An exact copy is required of the lines from the one with "Scorpion EXO-R1 EVO" through the last line of the material below, and of nothing else.

-=-=-

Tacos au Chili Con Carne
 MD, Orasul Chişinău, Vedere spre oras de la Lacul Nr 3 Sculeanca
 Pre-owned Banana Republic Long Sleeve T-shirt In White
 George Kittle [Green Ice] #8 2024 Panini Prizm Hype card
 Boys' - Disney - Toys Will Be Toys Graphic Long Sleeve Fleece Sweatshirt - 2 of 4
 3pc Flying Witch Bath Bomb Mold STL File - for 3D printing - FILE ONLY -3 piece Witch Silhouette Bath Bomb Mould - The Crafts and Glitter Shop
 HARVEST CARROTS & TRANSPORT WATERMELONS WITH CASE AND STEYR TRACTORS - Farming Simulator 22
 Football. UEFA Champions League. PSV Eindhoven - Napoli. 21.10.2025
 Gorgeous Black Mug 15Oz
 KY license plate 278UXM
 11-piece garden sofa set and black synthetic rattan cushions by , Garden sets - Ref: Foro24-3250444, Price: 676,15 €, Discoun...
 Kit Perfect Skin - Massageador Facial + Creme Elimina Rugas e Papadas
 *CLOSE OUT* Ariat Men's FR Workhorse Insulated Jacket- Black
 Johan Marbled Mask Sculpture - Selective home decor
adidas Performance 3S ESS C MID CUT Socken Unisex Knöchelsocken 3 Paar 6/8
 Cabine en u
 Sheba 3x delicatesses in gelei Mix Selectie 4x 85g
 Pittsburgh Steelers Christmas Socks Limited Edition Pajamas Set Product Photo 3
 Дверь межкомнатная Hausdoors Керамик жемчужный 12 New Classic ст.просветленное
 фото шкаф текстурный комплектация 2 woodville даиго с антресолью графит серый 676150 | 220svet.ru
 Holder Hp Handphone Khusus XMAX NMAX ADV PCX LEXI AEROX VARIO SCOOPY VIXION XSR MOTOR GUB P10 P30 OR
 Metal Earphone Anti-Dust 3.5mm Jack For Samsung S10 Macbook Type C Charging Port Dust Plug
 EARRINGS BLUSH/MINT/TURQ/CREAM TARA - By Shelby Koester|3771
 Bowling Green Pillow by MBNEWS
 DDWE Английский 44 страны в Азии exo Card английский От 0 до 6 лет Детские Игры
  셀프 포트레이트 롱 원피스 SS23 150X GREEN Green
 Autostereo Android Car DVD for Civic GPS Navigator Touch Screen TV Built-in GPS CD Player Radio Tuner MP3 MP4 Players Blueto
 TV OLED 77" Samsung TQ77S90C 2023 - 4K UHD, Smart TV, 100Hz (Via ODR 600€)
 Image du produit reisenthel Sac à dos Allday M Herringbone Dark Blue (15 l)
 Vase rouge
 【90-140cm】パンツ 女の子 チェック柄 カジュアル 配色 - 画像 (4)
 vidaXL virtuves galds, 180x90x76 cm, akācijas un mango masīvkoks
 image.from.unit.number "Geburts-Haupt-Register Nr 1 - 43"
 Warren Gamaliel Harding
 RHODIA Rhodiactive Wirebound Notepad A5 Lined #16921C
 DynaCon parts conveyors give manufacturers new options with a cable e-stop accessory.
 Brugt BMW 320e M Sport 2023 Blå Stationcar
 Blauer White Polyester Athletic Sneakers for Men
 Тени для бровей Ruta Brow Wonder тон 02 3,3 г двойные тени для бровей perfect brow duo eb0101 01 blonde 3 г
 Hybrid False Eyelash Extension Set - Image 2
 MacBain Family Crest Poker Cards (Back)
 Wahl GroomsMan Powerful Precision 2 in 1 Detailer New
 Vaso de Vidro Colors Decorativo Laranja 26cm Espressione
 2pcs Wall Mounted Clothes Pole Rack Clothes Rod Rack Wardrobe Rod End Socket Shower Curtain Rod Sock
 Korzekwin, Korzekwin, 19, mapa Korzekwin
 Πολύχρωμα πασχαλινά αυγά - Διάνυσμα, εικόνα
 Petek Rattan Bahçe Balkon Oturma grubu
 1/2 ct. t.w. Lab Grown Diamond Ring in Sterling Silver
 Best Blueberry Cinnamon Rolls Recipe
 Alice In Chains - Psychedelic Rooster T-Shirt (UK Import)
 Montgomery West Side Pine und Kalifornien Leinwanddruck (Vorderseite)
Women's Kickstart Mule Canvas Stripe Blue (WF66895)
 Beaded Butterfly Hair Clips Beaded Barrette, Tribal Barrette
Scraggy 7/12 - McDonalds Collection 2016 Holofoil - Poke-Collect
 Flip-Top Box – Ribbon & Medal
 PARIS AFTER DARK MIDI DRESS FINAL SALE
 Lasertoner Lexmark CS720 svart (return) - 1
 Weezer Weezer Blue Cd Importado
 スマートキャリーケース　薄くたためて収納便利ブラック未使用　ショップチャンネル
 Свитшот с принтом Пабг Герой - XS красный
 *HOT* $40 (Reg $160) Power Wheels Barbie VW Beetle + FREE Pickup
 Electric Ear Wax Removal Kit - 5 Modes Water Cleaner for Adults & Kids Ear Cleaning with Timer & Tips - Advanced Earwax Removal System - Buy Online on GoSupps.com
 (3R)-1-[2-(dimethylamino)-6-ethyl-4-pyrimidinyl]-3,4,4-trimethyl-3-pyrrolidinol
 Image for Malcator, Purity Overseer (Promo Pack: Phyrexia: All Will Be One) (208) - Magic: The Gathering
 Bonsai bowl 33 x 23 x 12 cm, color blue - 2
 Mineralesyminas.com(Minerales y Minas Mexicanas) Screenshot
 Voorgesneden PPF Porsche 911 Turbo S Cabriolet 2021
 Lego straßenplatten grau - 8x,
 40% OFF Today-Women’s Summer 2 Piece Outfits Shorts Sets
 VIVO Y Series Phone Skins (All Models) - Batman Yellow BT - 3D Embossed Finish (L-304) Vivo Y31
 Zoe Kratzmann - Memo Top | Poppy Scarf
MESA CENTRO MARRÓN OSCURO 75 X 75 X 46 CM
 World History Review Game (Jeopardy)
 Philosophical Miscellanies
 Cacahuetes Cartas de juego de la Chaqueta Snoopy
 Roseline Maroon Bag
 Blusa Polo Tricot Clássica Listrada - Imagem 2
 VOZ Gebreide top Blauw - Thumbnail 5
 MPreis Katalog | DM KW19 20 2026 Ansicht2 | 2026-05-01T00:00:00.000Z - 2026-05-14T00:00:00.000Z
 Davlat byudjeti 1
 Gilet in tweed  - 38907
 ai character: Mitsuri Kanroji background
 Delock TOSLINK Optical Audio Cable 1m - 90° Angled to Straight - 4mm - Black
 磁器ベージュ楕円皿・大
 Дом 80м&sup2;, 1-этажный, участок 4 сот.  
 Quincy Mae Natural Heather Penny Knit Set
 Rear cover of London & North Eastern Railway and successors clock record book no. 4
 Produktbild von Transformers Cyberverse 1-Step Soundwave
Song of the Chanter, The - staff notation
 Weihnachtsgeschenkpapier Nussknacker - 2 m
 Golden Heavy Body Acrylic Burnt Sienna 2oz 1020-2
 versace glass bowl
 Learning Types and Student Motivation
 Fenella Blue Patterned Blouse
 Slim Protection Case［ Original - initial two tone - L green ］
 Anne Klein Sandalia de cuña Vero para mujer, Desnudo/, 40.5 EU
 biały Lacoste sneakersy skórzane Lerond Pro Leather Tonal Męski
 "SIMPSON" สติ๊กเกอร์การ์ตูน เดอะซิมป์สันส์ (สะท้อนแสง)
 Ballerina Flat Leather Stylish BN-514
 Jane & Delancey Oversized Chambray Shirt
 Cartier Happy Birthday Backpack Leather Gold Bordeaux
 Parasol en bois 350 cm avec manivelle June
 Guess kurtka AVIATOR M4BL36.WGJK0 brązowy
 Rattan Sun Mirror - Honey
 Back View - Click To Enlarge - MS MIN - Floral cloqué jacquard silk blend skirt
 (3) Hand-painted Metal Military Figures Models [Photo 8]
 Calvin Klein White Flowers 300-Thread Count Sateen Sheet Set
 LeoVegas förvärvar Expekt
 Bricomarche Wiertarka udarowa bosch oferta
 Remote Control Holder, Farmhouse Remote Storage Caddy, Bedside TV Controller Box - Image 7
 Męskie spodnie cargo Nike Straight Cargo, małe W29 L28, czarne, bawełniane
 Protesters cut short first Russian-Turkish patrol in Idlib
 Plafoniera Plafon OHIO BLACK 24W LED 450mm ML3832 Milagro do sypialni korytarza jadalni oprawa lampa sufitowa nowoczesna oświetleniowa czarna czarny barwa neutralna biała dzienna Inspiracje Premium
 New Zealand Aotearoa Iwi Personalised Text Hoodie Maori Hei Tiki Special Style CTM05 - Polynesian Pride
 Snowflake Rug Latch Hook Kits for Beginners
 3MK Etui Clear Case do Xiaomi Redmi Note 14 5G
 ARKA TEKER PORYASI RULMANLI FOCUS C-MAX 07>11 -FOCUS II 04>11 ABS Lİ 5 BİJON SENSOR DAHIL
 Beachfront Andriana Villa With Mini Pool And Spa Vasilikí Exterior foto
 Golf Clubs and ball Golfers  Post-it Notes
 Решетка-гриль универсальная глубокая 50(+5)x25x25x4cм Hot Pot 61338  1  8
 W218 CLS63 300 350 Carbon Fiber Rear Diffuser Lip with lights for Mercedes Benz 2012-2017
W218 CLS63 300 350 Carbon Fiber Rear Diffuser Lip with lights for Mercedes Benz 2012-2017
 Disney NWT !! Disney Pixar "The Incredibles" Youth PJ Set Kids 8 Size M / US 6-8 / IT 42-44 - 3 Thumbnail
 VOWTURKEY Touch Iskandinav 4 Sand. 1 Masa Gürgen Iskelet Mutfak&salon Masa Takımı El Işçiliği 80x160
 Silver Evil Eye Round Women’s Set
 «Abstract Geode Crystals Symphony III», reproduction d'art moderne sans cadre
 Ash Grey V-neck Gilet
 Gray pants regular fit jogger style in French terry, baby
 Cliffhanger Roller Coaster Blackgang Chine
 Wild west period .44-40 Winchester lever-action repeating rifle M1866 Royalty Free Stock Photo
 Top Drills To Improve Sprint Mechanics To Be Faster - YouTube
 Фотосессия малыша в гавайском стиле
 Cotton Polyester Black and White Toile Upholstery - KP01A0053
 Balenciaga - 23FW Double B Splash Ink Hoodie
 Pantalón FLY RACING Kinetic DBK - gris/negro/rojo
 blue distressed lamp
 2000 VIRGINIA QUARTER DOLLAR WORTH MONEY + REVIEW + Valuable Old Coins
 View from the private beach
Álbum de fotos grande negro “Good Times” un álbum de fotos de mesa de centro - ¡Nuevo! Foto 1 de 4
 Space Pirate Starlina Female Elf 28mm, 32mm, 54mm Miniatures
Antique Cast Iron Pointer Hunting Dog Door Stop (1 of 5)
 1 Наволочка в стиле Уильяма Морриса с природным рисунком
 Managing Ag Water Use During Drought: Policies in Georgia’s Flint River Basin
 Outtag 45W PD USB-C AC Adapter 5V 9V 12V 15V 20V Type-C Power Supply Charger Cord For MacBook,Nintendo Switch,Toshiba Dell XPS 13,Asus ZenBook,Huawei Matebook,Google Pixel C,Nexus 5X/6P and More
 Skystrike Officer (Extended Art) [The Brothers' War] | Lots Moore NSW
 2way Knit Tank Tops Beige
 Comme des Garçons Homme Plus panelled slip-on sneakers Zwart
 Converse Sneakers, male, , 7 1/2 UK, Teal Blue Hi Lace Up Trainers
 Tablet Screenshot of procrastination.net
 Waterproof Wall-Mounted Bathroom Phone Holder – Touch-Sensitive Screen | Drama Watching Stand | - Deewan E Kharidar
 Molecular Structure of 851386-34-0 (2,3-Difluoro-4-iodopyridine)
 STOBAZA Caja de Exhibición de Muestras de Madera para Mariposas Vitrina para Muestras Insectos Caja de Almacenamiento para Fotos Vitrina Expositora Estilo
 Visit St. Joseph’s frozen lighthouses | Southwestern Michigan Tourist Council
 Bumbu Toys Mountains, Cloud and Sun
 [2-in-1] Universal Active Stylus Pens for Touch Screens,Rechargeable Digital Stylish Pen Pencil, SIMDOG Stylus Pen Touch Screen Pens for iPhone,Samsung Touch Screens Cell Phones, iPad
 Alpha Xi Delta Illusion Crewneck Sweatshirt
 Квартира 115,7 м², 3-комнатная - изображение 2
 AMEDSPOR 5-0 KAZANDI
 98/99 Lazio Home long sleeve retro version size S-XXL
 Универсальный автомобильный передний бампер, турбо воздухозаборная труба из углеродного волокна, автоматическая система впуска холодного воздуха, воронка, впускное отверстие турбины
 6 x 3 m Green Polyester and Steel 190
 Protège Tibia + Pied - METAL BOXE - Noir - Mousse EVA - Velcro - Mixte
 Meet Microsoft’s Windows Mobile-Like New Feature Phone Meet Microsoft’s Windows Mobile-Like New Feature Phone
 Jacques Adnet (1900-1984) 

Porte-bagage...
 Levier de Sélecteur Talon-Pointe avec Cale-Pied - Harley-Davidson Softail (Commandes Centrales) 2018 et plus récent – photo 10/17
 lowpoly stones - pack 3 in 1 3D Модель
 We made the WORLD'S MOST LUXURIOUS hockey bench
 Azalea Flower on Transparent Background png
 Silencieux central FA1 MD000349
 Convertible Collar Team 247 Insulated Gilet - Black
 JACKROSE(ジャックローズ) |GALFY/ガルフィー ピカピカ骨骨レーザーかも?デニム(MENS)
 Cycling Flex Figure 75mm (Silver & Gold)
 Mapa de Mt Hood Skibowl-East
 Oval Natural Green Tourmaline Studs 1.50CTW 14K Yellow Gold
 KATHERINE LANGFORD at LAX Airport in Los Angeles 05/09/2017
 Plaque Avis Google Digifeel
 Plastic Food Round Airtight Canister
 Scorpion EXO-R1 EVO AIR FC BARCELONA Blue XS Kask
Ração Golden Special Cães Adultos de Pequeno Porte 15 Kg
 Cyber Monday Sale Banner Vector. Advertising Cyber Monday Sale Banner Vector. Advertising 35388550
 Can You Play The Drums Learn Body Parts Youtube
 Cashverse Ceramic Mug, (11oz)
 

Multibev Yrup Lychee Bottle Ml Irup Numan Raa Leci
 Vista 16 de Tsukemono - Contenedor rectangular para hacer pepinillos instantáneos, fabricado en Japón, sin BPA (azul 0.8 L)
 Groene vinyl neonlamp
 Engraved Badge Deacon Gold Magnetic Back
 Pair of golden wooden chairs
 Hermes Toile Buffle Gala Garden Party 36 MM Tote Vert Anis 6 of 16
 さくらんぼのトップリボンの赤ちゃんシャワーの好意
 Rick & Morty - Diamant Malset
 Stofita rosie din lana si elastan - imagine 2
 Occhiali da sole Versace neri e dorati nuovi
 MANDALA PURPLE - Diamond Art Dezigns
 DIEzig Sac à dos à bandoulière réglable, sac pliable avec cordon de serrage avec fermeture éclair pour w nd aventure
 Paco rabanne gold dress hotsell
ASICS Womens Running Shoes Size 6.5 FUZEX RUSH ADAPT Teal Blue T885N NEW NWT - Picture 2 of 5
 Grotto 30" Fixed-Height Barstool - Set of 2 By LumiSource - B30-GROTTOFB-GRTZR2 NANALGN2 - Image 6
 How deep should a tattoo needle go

-=-=-

## Response to this exercise
 Scorpion EXO-R1 EVO AIR FC BARCELONA Blue XS Kask
Ração Golden Special Cães Adultos de Pequeno Porte 15 Kg
 Cyber Monday Sale Banner Vector. Advertising Cyber Monday Sale Banner Vector. Advertising 35388550
 Can You Play The Drums Learn Body Parts Youtube
 Cashverse Ceramic Mug, (11oz)
 

Multibev Yrup Lychee Bottle Ml Irup Numan Raa Leci
 Vista 16 de Tsukemono - Contenedor rectangular para hacer pepinillos instantáneos, fabricado en Japón, sin BPA (azul 0.8 L)
 Groene vinyl neonlamp
 Engraved Badge Deacon Gold Magnetic Back
 Pair of golden wooden chairs
 Hermes Toile Buffle Gala Garden Party 36 MM Tote Vert Anis 6 of 16
 さくらんぼのトップリボンの赤ちゃんシャワーの好意
 Rick & Morty - Diamant Malset
 Stofita rosie din lana si elastan - imagine 2
 Occhiali da sole Versace neri e dorati nuovi
 MANDALA PURPLE - Diamond Art Dezigns
 DIEzig Sac à dos à bandoulière réglable, sac pliable avec cordon de serrage avec fermeture éclair pour w nd aventure
 Paco rabanne gold dress hotsell
ASICS Womens Running Shoes Size 6.5 FUZEX RUSH ADAPT Teal Blue T885N NEW NWT - Picture 2 of 5
 Grotto 30" Fixed-Height Barstool - Set of 2 By LumiSource - B30-GROTTOFB-GRTZR2 NANALGN2 - Image 6
 How deep should a tattoo needle go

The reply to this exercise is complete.